_The problem_.
Using the listing below, print exactly everything from the line with "Catharine Mini Dress" down to the line with "Palm Tree Cotton", both included, and nothing more.
++++ Supplied records
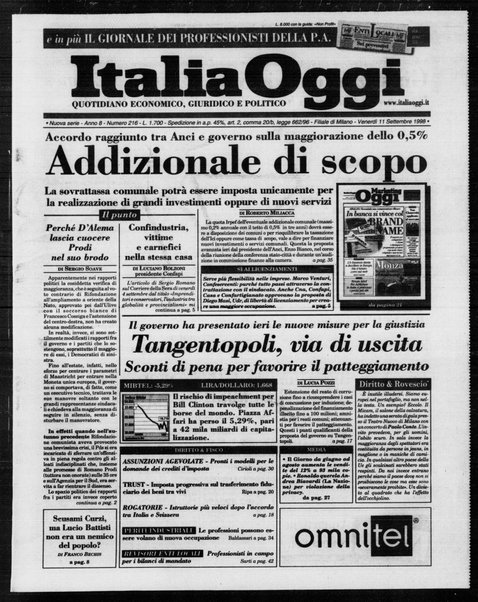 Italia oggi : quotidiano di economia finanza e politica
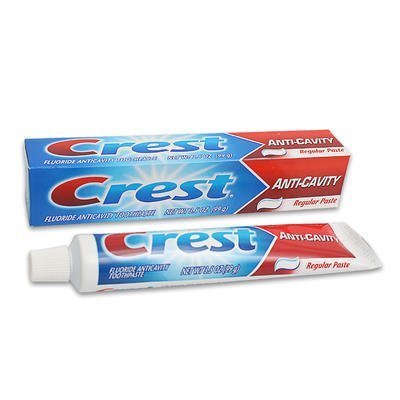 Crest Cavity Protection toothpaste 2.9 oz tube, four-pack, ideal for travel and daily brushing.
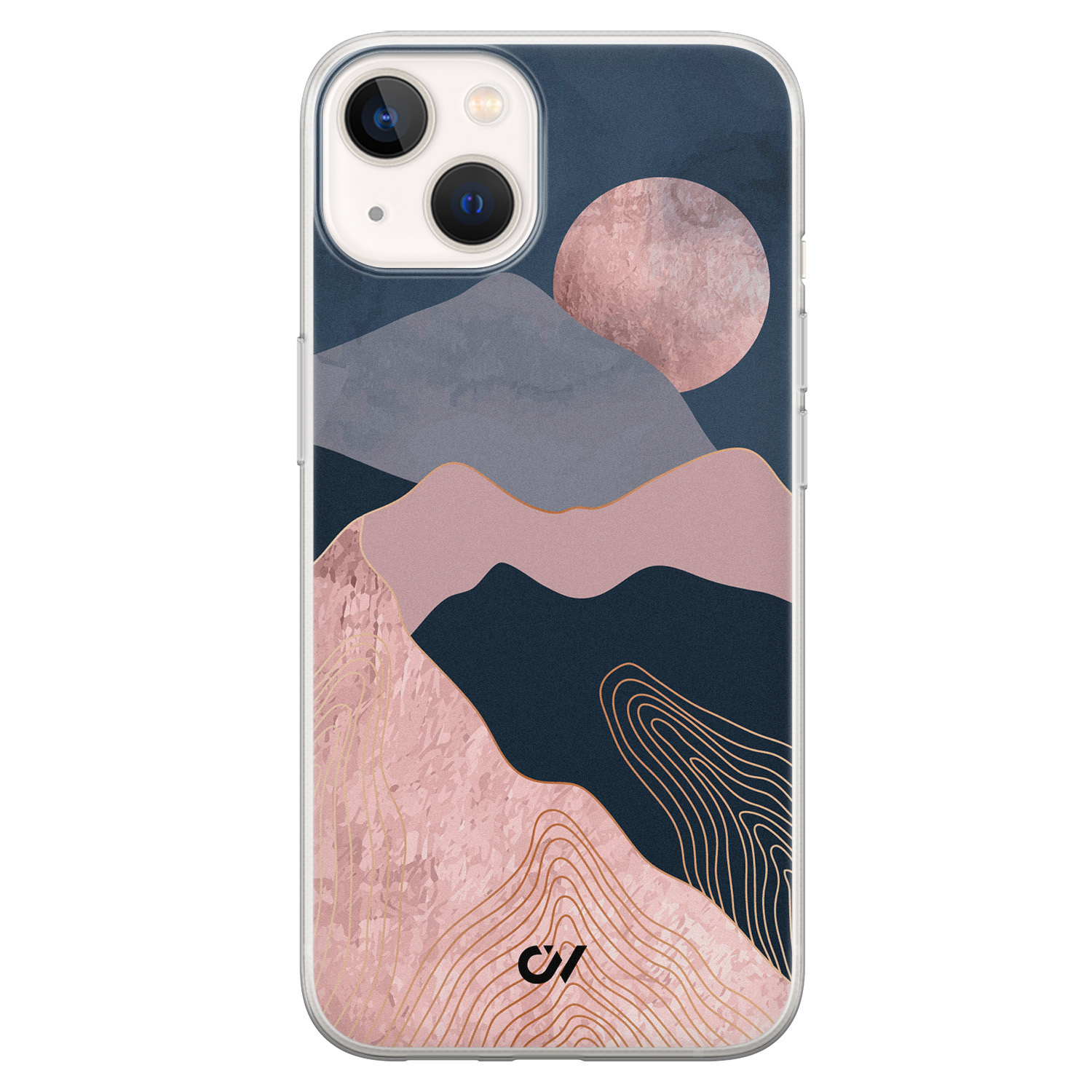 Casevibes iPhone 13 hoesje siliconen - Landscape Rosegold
++++++++
++++ Supplied records
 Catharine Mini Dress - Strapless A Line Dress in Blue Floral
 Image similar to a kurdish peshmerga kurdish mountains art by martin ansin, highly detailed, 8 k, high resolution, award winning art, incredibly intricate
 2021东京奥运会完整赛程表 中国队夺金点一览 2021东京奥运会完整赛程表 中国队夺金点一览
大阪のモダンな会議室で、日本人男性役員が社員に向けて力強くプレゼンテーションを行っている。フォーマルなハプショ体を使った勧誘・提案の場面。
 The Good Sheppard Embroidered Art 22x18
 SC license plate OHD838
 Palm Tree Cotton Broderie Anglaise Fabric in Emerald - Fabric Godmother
++++++++
_Written solution_.
 Catharine Mini Dress - Strapless A Line Dress in Blue Floral
 Image similar to a kurdish peshmerga kurdish mountains art by martin ansin, highly detailed, 8 k, high resolution, award winning art, incredibly intricate
 2021东京奥运会完整赛程表 中国队夺金点一览 2021东京奥运会完整赛程表 中国队夺金点一览
大阪のモダンな会議室で、日本人男性役員が社員に向けて力強くプレゼンテーションを行っている。フォーマルなハプショ体を使った勧誘・提案の場面。
 The Good Sheppard Embroidered Art 22x18
 SC license plate OHD838
 Palm Tree Cotton Broderie Anglaise Fabric in Emerald - Fabric Godmother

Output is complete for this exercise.